First of all, defendants' failure to follow the prison policy (requiring allegations of sexual assault to be reported to prison officials and the alleged victim to be taken to an outside medical center) does not rise to the level of a due process violation protected by the United States Constitution. See Sweeton v. Brown, 27 F.3d 1162, 1165 (6th Cir. 1994) (State authorities "may have been required to follow their own procedural statutes and regulations on parole . . . as a matter of state law, but there is not now any viable legal theory by which [] state authorities are required to follow such procedural rules as a matter of federal due process."); see also Levine v. Torvik, 986 F.2d 1506, 1515 (6th Cir.1993) ("A state cannot be said to have a federal due process obligation to follow all of its procedures; such a system would result in the constitutionalizing of every state rule, and would not be administrable."). Since "[a] state statute cannot 'create' a federal constitutional right," Harrill v. Blount County, Tenn., 55 F.3d 1123, 1125 (6th Cir. 1995), by logical extension, neither can a prison policy (unless it violates the standard enunciated in Sandin v. Conner, 515 U.S. 472, 848 (1995) (Due process is violated only when an atypical and significant hardship, which is not a usual incident of prison life, is imposed on prisoner.)).
Nor does plaintiff state a claim for an Eighth Amendment violation either. Given the nebulous nature of the contentions at issue here (i.e., plaintiff believed his cell door was left open by an officer to allow "a inmate(s)" to sexually assault him), it is unclear whether plaintiff has alleged that a "sufficiently serious" deprivation actually occurred, but if he has done so, he has not demonstrated deliberate indifference on the part of Corporal Robinson.
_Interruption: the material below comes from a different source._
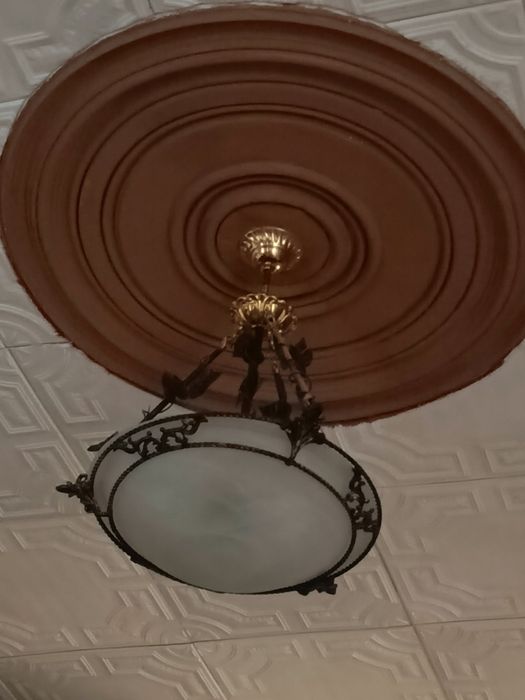 Люстра в стилі арт-деко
After hearing plaintiff's assertions of sexual assault, this officer took plaintiff to the 'center core"part of the prison, where he was interviewed by a nurse concerning the alleged assault and referred for a psychological consultation. Plaintiff's sexual assault complaints were not ignored but, reading between the lines, were not found to be credible either. Not every allegation of assault, even one made by a free world citizen, need be accredited by the authorities, if an inquiry into the circumstances suggests otherwise. At any rate, defendant Robinson employed reasonable measures to lessen any risk of harm to plaintiff and the Eighth Amendment requires no more than this. Farmer, 511 U.S. at 847 (prison official who takes reasonable steps to abate a risk to an inmate's safety avoids liability).
V. Conclusion
Based on the above discussion, the Court finds that plaintiff has failed to state an arguable § 1983 claim against defendants. Fed. R. Civ. P. 12(b)(6). All pending motions are DENIED as MOOT, (Docs. 15-16). This case will be dismissed by separate order.